The DCMS has acknowledged that even if a browser-based solution to the issue of user consent is possible, many users may not understand how to adjust their browser settings. In recognising the possibility of browser consent in the future, the DCMS also acknowledged that current browsers will need to be enhanced to meet the requirements of the revised 2002 Directive. Development of this kind of browser utility, such as that being undertaken by Microsoft in relation to its Internet Explorer (version 9) and Google for the latest edition of its Chrome browser, will be pursued by the government in collaboration with the industry. Evidently, browser consent is one option that the DCMS would like to be available but, for now, the DCMS is aligned with the ICO in stating that:

‘At present, most browser settings are not sophisticated enough to allow you to assume that the user has given their consent to allow your website to set a cookie17’.

So for the time being, browser consent should not be relied on for non-essential cookie use.
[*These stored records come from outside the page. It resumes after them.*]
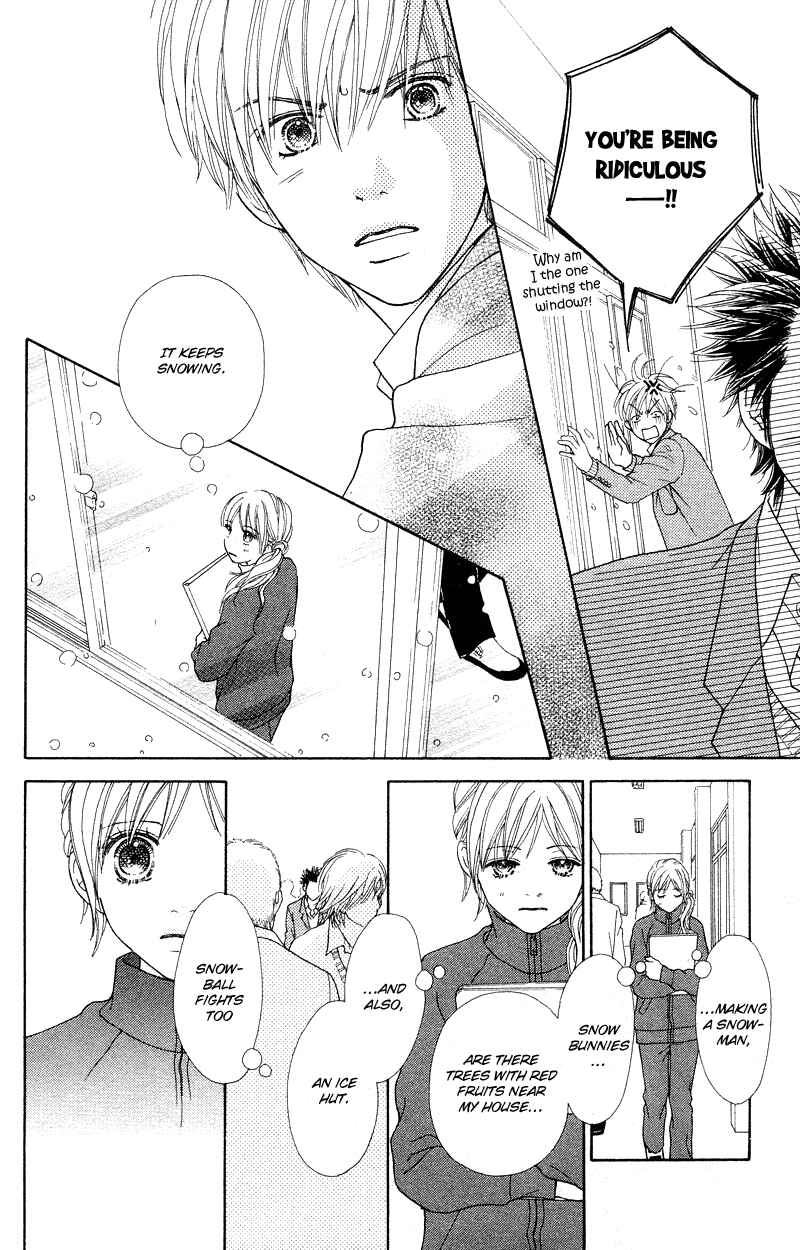 Page 18 Chapter 103 Parfait Tic!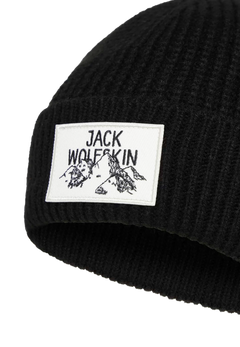Jack Wolfskin Badge Beanie pipo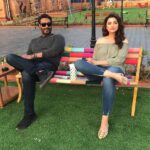 Parineeti Chopra Instagram – Golmaal Swag 😎 @ajaydevgn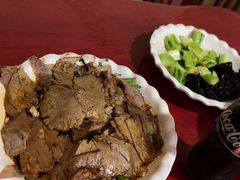 -金杨拉面王小吃面馆·牛三宝面·红烧牛肉粉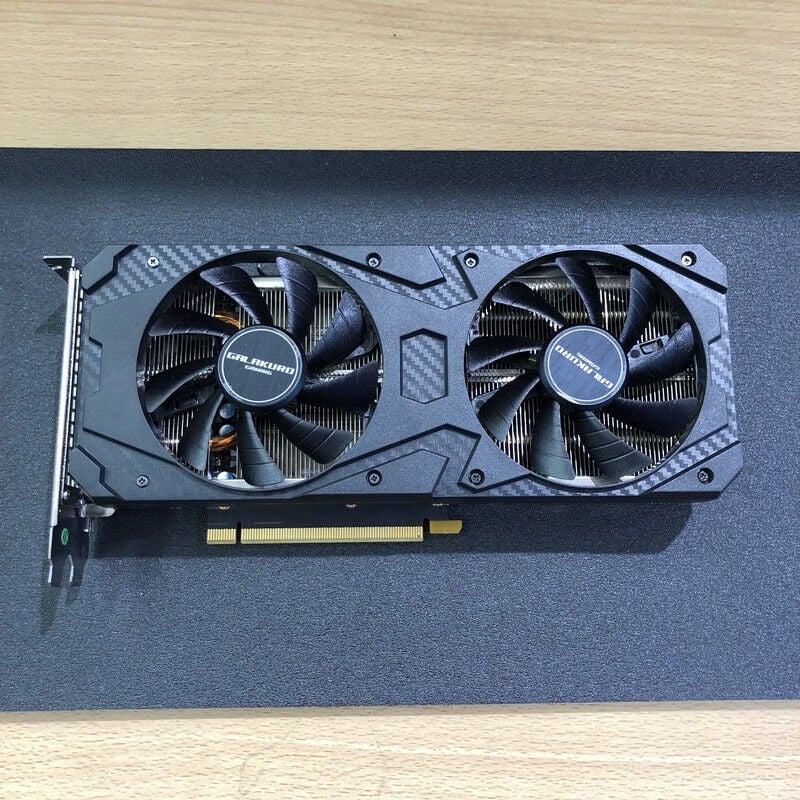 中古 【LHR版】玄人志向 GG-RTX3060Ti-E8GB/DF/LHR (RTX3060Ti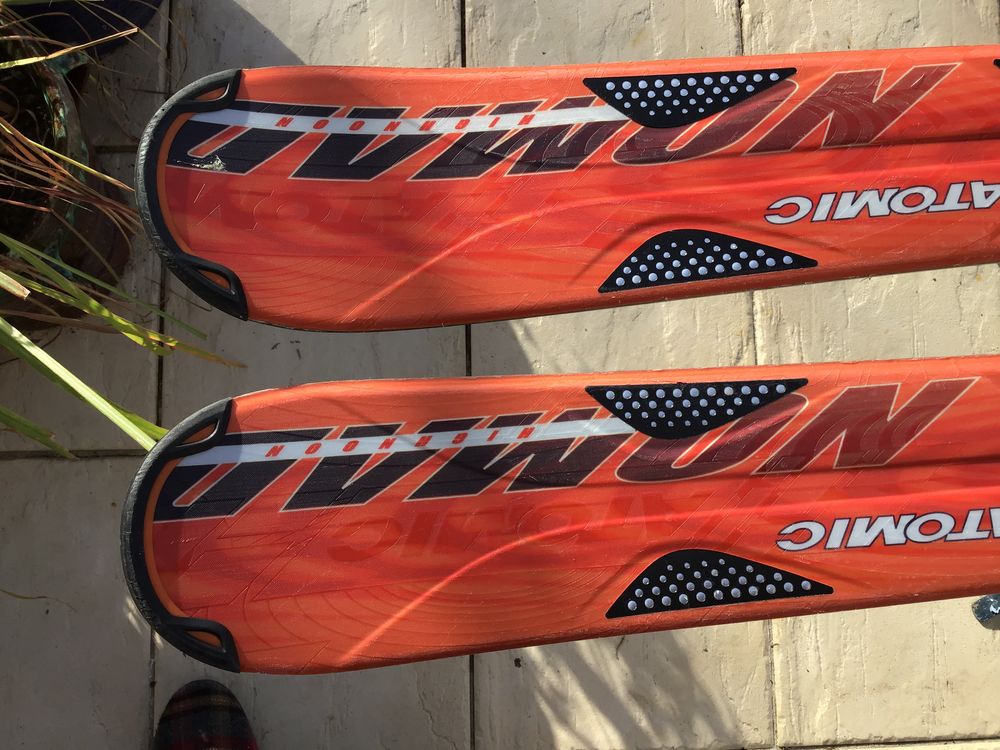 Skis de piste et chaussures Sports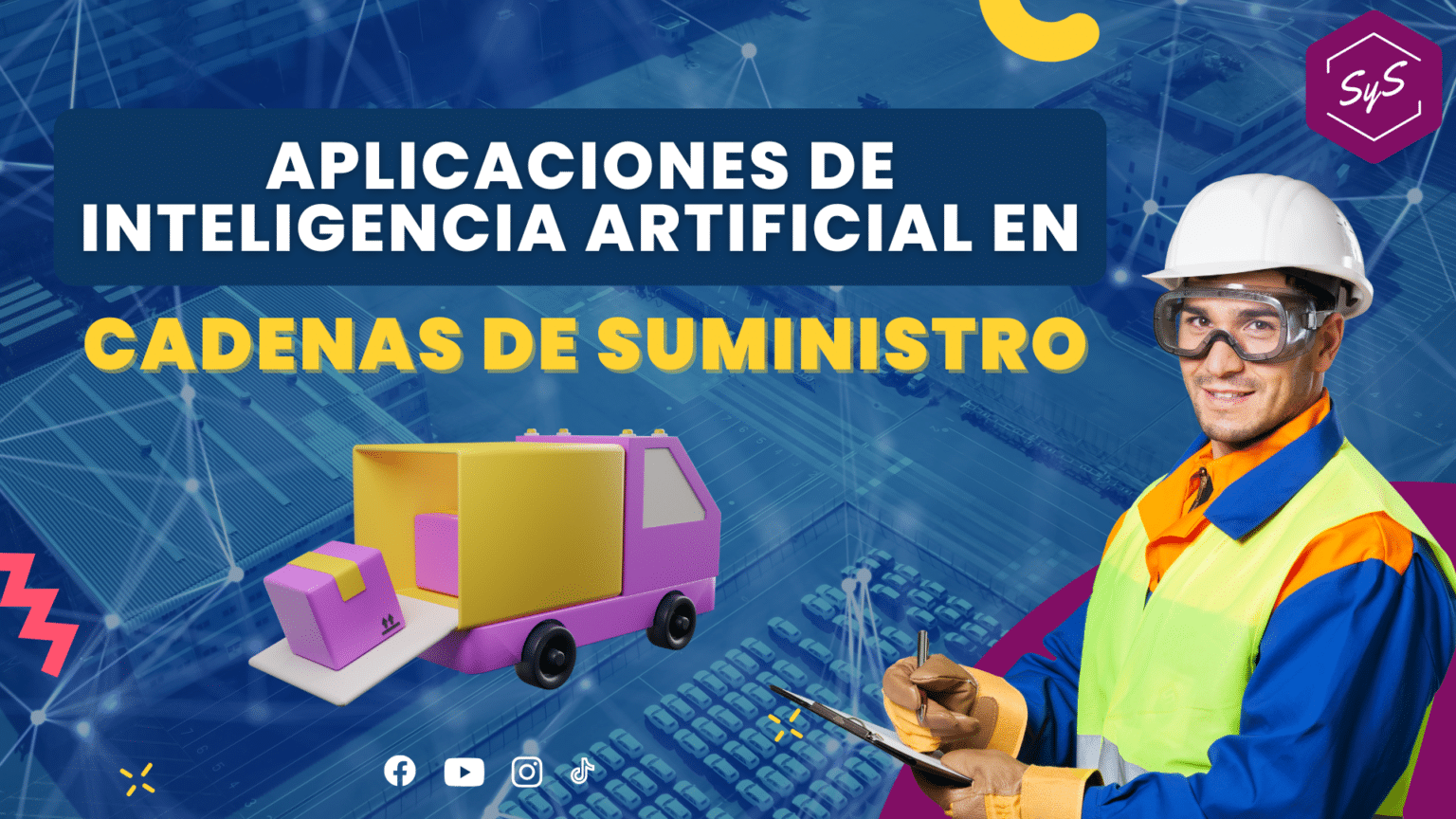 Aplicaciones De Inteligencia Artificial En Cadenas De Suministro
Counsel advising their business colleagues must therefore consider alternate means of ensuring they have users’ consent to cookie use. Key considerations for the ICO in this regard are that the means adopted to obtain user consent:

  • provide information about the cookies;
  • obtain consent when a cookie is set for the first time; and
  • are appropriate for the use being made of the cookie information.

The ICO also confirms its opinion that once consent to a particular cookie use is obtained, it need not be requested again for use of the same cookie for the same purpose.

Other means

The ICO acknowledges that the following techniques are legitimate means of obtaining user consent to cookie use18.
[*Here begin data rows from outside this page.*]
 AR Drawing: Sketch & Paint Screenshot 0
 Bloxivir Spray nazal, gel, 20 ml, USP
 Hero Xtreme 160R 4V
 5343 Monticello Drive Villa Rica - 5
Pop-up/interstitial screens

Making users consent to cookies in a separate screen before progressing with their browsing session. This method has the benefit of a high degree of certainty as to consent granted but is likely to suffer an equally high degree negative impact on the user experience on any website.

Websites’ terms of use

Mirroring the way that many websites require users to agree to terms on first use or registration, similar techniques could be adopted for cookie consent. However, the ICO has made it clear that users would have to provide consent to any revised terms relating to cookie use and that these cannot merely be added to previously accepted terms of use. The ICO expects a ‘positive indication that users understand and agree to the changes’19.

Website set-up

As with the acceptance of terms of use on initial website use, website operators often interact with users to provide them with a customised website set-up.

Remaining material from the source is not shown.